**WHAT THIS TASK INVOLVES**
Output, without alteration, the first line of the entries and each line after it, stopping with the line that contains "Casă cu 3 camere".

SUPPLIED RECORDS START

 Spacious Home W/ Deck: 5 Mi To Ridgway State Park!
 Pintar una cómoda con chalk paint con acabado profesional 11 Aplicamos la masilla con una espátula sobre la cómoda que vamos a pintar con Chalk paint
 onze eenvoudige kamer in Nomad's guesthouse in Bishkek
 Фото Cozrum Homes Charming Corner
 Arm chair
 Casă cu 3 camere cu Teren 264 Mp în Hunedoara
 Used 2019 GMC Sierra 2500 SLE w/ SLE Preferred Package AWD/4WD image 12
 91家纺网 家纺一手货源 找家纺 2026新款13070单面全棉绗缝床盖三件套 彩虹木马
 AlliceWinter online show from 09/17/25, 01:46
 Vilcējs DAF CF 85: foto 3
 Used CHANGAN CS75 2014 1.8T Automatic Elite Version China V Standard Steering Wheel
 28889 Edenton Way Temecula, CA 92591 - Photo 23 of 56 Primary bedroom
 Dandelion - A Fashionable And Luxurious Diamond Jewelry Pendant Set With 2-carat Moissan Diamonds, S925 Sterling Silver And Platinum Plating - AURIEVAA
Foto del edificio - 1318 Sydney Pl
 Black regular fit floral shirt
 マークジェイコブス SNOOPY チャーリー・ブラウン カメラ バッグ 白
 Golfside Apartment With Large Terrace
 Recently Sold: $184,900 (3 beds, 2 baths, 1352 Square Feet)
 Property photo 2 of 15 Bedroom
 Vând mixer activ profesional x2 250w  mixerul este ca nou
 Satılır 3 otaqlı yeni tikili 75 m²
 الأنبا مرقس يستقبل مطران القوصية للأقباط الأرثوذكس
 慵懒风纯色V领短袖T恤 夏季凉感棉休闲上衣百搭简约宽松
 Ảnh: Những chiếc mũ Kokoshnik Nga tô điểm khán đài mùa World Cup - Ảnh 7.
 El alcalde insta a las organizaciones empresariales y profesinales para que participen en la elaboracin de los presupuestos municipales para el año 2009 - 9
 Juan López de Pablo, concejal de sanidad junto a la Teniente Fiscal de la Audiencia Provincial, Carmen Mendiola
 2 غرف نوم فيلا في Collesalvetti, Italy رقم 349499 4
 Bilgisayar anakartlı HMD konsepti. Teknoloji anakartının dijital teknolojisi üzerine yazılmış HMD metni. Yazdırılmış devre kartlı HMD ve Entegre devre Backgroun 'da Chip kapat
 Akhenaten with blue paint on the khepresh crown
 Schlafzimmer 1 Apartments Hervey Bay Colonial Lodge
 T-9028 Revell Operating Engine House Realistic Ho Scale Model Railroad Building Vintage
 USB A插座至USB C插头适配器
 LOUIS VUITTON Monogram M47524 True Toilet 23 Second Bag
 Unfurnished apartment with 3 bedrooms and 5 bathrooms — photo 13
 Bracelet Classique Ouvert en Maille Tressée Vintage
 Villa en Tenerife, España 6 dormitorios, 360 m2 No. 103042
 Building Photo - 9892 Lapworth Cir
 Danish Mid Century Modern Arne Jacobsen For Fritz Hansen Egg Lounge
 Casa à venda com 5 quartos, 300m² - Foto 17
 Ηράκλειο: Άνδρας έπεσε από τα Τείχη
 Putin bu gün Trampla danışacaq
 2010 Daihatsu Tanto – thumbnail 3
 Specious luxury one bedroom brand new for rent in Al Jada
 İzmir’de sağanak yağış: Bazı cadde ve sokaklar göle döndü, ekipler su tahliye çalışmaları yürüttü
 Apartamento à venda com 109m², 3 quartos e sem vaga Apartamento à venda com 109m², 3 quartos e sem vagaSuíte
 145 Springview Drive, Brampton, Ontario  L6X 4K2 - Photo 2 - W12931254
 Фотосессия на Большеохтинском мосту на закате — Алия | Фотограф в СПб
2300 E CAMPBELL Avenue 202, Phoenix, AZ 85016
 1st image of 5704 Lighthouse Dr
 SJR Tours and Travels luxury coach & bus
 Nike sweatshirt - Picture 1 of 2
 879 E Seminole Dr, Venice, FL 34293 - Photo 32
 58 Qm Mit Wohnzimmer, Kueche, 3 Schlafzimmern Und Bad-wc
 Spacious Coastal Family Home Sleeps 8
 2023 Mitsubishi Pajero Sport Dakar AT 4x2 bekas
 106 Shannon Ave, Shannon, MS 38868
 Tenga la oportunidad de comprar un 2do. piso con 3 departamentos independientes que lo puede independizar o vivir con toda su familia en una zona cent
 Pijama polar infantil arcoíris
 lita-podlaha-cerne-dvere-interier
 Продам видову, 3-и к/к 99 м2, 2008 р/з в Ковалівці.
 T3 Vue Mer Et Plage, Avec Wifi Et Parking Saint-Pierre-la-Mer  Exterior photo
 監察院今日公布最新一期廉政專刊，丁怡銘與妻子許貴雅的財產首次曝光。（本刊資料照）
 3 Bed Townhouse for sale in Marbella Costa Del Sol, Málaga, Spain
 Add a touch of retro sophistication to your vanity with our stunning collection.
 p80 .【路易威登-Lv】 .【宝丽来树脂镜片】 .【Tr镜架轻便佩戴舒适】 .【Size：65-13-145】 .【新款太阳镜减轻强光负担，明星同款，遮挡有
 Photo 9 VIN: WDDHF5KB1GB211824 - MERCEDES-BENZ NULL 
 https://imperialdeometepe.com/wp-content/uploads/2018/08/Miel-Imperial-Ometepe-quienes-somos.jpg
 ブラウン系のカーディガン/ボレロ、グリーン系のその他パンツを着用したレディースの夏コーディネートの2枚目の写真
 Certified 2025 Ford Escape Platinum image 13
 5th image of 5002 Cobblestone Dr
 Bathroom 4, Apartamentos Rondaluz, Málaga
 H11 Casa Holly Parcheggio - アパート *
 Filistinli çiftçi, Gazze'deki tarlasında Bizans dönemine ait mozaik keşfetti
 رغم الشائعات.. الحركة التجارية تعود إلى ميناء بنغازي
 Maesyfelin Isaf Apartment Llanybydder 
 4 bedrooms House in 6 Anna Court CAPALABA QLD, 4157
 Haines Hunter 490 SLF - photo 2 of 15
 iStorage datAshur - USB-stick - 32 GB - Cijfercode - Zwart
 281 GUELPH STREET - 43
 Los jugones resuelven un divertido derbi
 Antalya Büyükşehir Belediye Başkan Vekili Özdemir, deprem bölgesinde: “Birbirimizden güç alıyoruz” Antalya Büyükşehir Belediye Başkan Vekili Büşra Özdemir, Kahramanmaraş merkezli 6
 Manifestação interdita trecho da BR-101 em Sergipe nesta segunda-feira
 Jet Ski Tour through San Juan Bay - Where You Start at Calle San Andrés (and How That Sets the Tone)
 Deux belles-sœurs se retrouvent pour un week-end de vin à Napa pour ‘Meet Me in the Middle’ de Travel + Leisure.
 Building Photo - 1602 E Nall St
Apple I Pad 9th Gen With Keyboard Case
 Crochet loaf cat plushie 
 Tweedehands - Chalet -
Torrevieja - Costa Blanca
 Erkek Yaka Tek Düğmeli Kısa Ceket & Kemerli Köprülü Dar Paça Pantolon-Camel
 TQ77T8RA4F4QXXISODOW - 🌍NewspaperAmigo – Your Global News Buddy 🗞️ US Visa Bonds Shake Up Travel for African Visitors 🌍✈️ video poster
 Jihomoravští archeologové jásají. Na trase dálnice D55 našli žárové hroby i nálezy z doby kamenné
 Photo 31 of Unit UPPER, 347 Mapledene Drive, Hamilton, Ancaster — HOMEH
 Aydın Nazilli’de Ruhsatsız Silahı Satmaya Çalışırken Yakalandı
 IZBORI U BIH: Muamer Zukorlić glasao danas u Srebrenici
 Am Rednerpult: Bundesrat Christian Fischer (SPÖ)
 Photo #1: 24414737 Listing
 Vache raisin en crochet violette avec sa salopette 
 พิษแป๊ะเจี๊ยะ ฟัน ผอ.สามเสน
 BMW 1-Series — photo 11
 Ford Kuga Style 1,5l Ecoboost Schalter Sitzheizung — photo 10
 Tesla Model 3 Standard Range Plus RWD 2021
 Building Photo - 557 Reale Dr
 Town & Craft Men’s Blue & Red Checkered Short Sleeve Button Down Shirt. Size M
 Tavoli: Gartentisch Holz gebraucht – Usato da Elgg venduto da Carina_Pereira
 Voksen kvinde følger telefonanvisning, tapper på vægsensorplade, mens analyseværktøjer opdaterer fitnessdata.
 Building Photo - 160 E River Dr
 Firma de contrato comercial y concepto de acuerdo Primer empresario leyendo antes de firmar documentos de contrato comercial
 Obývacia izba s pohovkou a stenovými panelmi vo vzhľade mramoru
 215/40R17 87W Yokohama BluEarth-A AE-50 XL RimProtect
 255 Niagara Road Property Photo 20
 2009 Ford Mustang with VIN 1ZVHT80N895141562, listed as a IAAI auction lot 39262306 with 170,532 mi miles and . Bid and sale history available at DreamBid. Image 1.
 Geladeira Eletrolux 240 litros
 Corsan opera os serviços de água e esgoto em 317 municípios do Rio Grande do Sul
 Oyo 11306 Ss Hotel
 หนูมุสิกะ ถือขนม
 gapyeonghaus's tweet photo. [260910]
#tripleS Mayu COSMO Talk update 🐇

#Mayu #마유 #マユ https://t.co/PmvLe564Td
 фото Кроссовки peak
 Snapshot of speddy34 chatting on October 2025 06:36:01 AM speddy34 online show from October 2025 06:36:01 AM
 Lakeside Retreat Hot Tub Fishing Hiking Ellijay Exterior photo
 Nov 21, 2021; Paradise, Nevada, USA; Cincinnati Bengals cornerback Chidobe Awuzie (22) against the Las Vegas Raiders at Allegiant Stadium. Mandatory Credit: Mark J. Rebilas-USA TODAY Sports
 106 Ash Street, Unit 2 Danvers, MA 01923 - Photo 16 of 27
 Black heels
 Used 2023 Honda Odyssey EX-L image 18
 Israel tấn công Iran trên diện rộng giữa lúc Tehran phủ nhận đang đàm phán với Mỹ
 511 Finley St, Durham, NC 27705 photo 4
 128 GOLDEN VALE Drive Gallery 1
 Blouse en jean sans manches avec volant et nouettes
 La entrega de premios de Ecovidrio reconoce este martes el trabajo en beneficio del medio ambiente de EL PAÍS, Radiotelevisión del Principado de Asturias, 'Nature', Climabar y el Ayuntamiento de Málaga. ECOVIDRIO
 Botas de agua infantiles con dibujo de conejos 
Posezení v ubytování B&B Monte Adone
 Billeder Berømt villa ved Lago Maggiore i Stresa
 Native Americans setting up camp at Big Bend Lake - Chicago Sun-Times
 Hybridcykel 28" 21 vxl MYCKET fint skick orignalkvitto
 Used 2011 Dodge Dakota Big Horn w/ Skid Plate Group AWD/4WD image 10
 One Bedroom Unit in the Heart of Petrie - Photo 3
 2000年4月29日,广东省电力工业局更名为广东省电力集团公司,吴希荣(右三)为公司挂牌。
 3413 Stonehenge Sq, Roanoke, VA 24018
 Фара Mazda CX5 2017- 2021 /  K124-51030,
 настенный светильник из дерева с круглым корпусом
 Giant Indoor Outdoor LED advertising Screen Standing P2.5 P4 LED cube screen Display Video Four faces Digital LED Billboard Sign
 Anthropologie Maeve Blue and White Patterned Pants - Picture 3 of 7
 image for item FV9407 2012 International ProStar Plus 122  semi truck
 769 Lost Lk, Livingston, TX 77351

SUPPLIED RECORDS END

**RESULT**
 Spacious Home W/ Deck: 5 Mi To Ridgway State Park!
 Pintar una cómoda con chalk paint con acabado profesional 11 Aplicamos la masilla con una espátula sobre la cómoda que vamos a pintar con Chalk paint
 onze eenvoudige kamer in Nomad's guesthouse in Bishkek
 Фото Cozrum Homes Charming Corner
 Arm chair
 Casă cu 3 camere cu Teren 264 Mp în Hunedoara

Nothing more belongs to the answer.